§ **Directions for this task**:
Below is a block of records; repeat each one exactly.

§ **Material shown**:
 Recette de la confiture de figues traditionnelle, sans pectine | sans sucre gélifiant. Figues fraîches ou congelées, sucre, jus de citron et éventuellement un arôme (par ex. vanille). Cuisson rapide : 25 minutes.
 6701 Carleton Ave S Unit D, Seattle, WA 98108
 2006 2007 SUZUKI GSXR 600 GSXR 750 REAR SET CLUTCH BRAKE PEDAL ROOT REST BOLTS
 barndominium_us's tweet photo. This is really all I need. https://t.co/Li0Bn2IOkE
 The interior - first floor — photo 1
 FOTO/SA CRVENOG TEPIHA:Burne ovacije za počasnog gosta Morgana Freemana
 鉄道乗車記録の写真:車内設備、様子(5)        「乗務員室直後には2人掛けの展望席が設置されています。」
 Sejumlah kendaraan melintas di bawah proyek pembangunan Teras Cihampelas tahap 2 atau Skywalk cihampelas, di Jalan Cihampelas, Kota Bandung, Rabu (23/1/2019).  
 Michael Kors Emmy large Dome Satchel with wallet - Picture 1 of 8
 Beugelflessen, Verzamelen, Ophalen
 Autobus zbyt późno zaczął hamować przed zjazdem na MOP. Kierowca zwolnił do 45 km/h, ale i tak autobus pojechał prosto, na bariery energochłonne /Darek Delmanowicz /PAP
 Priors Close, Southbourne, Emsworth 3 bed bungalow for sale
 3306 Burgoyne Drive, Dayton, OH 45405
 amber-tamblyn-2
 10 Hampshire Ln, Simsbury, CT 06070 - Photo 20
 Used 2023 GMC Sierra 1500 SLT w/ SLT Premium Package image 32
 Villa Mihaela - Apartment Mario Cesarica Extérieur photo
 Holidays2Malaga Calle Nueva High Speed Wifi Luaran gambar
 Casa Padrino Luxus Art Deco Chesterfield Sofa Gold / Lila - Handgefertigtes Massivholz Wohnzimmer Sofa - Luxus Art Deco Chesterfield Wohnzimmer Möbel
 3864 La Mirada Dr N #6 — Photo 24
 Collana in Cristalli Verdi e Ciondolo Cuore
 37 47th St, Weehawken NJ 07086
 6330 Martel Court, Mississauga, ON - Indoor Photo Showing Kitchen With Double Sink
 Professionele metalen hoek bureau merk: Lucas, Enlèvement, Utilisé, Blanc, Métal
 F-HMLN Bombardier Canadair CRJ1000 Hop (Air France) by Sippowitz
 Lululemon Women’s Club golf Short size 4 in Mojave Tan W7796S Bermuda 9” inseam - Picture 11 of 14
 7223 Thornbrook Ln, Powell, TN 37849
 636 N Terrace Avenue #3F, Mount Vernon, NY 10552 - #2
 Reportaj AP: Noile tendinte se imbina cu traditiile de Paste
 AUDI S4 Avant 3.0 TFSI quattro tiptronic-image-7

§ **Response area**:
 Recette de la confiture de figues traditionnelle, sans pectine | sans sucre gélifiant. Figues fraîches ou congelées, sucre, jus de citron et éventuellement un arôme (par ex. vanille). Cuisson rapide : 25 minutes.
 6701 Carleton Ave S Unit D, Seattle, WA 98108
 2006 2007 SUZUKI GSXR 600 GSXR 750 REAR SET CLUTCH BRAKE PEDAL ROOT REST BOLTS
 barndominium_us's tweet photo. This is really all I need. https://t.co/Li0Bn2IOkE
 The interior - first floor — photo 1
 FOTO/SA CRVENOG TEPIHA:Burne ovacije za počasnog gosta Morgana Freemana
 鉄道乗車記録の写真:車内設備、様子(5)        「乗務員室直後には2人掛けの展望席が設置されています。」
 Sejumlah kendaraan melintas di bawah proyek pembangunan Teras Cihampelas tahap 2 atau Skywalk cihampelas, di Jalan Cihampelas, Kota Bandung, Rabu (23/1/2019).  
 Michael Kors Emmy large Dome Satchel with wallet - Picture 1 of 8
 Beugelflessen, Verzamelen, Ophalen
 Autobus zbyt późno zaczął hamować przed zjazdem na MOP. Kierowca zwolnił do 45 km/h, ale i tak autobus pojechał prosto, na bariery energochłonne /Darek Delmanowicz /PAP
 Priors Close, Southbourne, Emsworth 3 bed bungalow for sale
 3306 Burgoyne Drive, Dayton, OH 45405
 amber-tamblyn-2
 10 Hampshire Ln, Simsbury, CT 06070 - Photo 20
 Used 2023 GMC Sierra 1500 SLT w/ SLT Premium Package image 32
 Villa Mihaela - Apartment Mario Cesarica Extérieur photo
 Holidays2Malaga Calle Nueva High Speed Wifi Luaran gambar
 Casa Padrino Luxus Art Deco Chesterfield Sofa Gold / Lila - Handgefertigtes Massivholz Wohnzimmer Sofa - Luxus Art Deco Chesterfield Wohnzimmer Möbel
 3864 La Mirada Dr N #6 — Photo 24
 Collana in Cristalli Verdi e Ciondolo Cuore
 37 47th St, Weehawken NJ 07086
 6330 Martel Court, Mississauga, ON - Indoor Photo Showing Kitchen With Double Sink
 Professionele metalen hoek bureau merk: Lucas, Enlèvement, Utilisé, Blanc, Métal
 F-HMLN Bombardier Canadair CRJ1000 Hop (Air France) by Sippowitz
 Lululemon Women’s Club golf Short size 4 in Mojave Tan W7796S Bermuda 9” inseam - Picture 11 of 14
 7223 Thornbrook Ln, Powell, TN 37849
 636 N Terrace Avenue #3F, Mount Vernon, NY 10552 - #2
 Reportaj AP: Noile tendinte se imbina cu traditiile de Paste
 AUDI S4 Avant 3.0 TFSI quattro tiptronic-image-7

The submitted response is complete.